Official Classifications
- PDF Booklet

= 2008 Shanghai A1GP round =

The 2007–08 A1 Grand Prix of Nations, Shanghai, China was an A1 Grand Prix race, held on April 13, 2008, at the Shanghai International Circuit, Shanghai, China. It was the ninth meeting in the 2007–08 A1 Grand Prix season.

== Pre-race ==
A1 Grand Prix make official the creation of an off-track entertainment, the A1GP Global Village, to complete, with the support series A2 Grand Prix, the race weekends next season. The Global Village deliver extra entertainments and interactive activities, merchandise shops, food and drinks for fans and spectators. An official website is launched A1GPGlobalVillage.com.
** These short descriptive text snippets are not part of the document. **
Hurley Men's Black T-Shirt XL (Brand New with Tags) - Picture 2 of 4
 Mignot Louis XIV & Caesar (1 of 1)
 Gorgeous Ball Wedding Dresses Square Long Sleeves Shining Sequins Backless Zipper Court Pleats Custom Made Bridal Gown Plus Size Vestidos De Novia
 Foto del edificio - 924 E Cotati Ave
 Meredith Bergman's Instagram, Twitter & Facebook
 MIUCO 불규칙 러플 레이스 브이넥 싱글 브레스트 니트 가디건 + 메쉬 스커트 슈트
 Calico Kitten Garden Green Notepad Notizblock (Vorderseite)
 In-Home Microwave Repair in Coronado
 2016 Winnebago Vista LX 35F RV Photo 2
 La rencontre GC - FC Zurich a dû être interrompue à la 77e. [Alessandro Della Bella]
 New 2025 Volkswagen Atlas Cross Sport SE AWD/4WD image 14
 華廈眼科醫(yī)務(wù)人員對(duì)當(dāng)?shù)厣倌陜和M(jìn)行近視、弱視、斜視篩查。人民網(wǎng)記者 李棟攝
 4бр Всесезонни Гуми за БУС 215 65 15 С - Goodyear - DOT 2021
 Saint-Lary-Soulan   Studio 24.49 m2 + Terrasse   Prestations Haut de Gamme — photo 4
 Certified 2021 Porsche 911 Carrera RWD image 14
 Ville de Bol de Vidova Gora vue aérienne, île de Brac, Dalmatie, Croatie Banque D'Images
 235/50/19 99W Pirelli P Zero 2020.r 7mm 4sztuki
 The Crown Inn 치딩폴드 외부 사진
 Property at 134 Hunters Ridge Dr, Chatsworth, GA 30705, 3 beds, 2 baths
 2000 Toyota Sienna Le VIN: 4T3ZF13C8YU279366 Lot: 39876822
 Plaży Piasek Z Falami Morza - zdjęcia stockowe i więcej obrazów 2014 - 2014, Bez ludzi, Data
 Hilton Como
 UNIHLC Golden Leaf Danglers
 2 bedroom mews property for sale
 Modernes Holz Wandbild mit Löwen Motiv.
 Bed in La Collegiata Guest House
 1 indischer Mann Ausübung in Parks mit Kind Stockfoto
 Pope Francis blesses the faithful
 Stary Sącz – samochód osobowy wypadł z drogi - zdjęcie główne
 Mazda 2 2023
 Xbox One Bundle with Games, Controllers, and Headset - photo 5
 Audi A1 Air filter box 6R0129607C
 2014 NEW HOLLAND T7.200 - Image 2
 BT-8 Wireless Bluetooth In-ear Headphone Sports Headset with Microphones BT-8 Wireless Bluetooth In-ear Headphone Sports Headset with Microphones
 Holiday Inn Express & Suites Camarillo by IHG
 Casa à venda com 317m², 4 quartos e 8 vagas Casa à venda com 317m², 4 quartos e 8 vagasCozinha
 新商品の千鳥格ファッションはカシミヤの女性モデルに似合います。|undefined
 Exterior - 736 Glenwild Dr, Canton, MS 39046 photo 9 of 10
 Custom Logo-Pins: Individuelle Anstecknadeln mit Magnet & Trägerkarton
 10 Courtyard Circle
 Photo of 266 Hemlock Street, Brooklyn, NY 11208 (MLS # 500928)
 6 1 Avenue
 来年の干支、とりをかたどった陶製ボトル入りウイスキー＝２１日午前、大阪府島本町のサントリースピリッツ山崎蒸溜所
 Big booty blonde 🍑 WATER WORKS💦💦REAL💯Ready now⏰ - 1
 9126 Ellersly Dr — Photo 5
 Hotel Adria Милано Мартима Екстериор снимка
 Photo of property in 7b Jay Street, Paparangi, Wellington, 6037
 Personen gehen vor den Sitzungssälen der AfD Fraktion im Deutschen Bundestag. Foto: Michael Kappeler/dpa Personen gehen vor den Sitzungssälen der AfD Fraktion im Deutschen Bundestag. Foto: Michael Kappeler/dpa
The first edition will be in the last event of this 2007-08 season, on May 2–4, 2007-08, Great Britain.

Like the past season, A1GP organize a vote for the fan's favorite 2007-08 A1 team. All A1GP fan, and other, can vote in the official A1GP site. The winning team, revealed at the A1GP's Gala Awards, on May 5, 2008, receive a special award.

== Qualifications ==
Neel Jani (Switzerland) score the pole position for each Sunday races. For the second consecutive venue, Mexico start from the back of the grid in each race because of bad performances.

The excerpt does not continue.